1. Streaming Data Integration Capabilities

For marketers, data streaming platforms work best when they're integrated with other tools in your tech stack. For example, integrating with:

  • Data warehouses: To store and analyze large volumes of data for long-term trends and insights
  • Business Intelligence tools: To generate real-time reports and dashboards, helping marketers make data-driven decisions quickly
  • Customer Data Platforms: To create unified, up-to-date customer profiles, ensuring personalized marketing messages across channels
  • Customer Engagement Platforms: To trigger personalized campaigns instantly based on live customer behavior and actions

Braze integrates with a variety of partners, including data warehouses like Amazon Redshift, Snowflake, Google BigQuery, and Microsoft Fabric, BI tools like Looker, analytics platforms like Amplitude, data lakehouses like Databricks, and customer data platforms (CDPs) like mParticle and Segment.

As a result, you can stream, analyze, and automatically act on live customer data, to maximize customer engagement in the moment. Check out the next section for more details on the highly productive Braze x Snowflake partnership.

2. Real-Time Streaming

The phrase “real-time data” gets thrown around a lot, but many platforms use it to refer to a type of data processing that isn’t actually live. Processing happens every few hours or even just once per day. True real-time streaming happens in the moment.

3. Two-Way Synchronization

Two-way synchronization means your system doesn’t just receive data in real time, it can send it too. For example, you receive data about a product a customer has bought and, in response, you can surface relevant product recommendations to them. Two-way sync means you aren’t just getting insights, you can also act on them.

4. Support for Both Speed and Scale

As important as it is to process data without delays, that speed isn’t enough on its own. Your tech stack must also be able to handle massive scale.

At Braze, our systems have been built to support truly epic scale—we supported more than 50 billion messages during the four-day Black Friday/Cyber Monday period in 2024, breaking our previous records for send volumes during this period. That included 13.9 billion messages sent on Black Friday and 13.2 billion messages on Cyber Monday.

Final Thoughts

By processing data in real-time, businesses can gain immediate insights into customer behavior, enabling them to deliver personalized experiences that resonate with their audience. This shift from traditional batch processing to stream processing not only improves the accuracy and relevance of marketing efforts but also empowers brands to act swiftly on customer interactions, ultimately driving higher engagement and satisfaction.

Embracing these technologies will not only streamline operations but can also foster deeper connections with customers, paving the way for sustained growth and loyalty.

Data Streaming FAQs

What’s unbounded data?

Unbounded data is another way to refer to data streaming or the process of handling each unit of data individually as it comes in, enabling ongoing, real-time data processing across systems.

What’s microbatching?

This is a type of data processing that lands somewhere in between traditional batch processing and data streaming, with the data being processed in a series of small batches at a more frequent interval than batch processing.

What is data latency?

Data latency is the time delay that happens between when data gets created and when it’s available to be used.

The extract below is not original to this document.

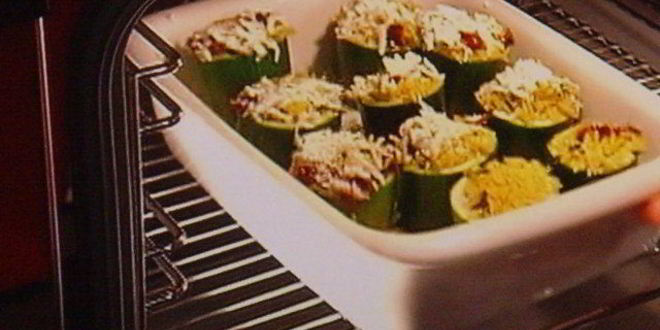 Рецепт цукини, фаршированные рисом, запеченные под томатным соусом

What are the key benefits of data streaming for customer engagement?

Data streaming provides marketers with live, real-time data, which lets businesses act in the moment instead of waiting until it is (possibly) too late. This can increase customer engagement and satisfaction, and increase loyalty and revenue.

For example, imagine a customer has filled their cart on your ecommerce site but hasn’t checked it out. With streaming data, that behavior can be identified immediately and trigger outreach, such as an email or SMS, to encourage the customer to complete their purchase. It’s about striking while the iron is hot to re-engage the customer.

If you only had access to batch-processed data, you might not identify the abandoned cart for days, by which time the customer may have lost interest in buying from you or shopped elsewhere.

It isn’t just about abandoned carts and eCommerce. Live streaming data has numerous benefits. Such as being able to offer better customer support because you can see up-to-date information about how a customer has been interacting with your services. Or adjusting A/B experiments in real-time based on live customer interactions.

How does data streaming improve the personalization of customer experiences?

Data streaming improves the customer experience through enhanced personalization. By using live data, businesses can personalize their interactions with customers in multiple ways – from content to timing and device, making their messaging more relevant and engaging.

For example, marketers can use live data about consumer behavior to tailor content to their most recent interactions and interests.

Imagine a streaming service serving up on-demand entertainment. Real-time streaming data provides the business with up-to-date insights into what each viewer is watching at that moment.

Are they interacting with true crime documentaries or rom-coms? This live information lets the service curate a more relevant list of recommendations for their next watch, increasing the likelihood of engagement.

Or what if the viewer abandoned a series after episode 3? Streaming data would let the provider reach out with a message about a surprising development in episode 4 to entice them back. And allow them to send the message at a time they know that viewer typically engages with their service and on the device they engage with most to further increase engagement.

Similarly, an eCommerce store can use live streaming data to surface relevant recommendations based on a customer’s most recent purchase, such as gloves to go with a scarf they’ve bought or products linked by color or style. It can also inform inventory information, to suppress the promotion of items that aren’t in stock, saving customers frustration.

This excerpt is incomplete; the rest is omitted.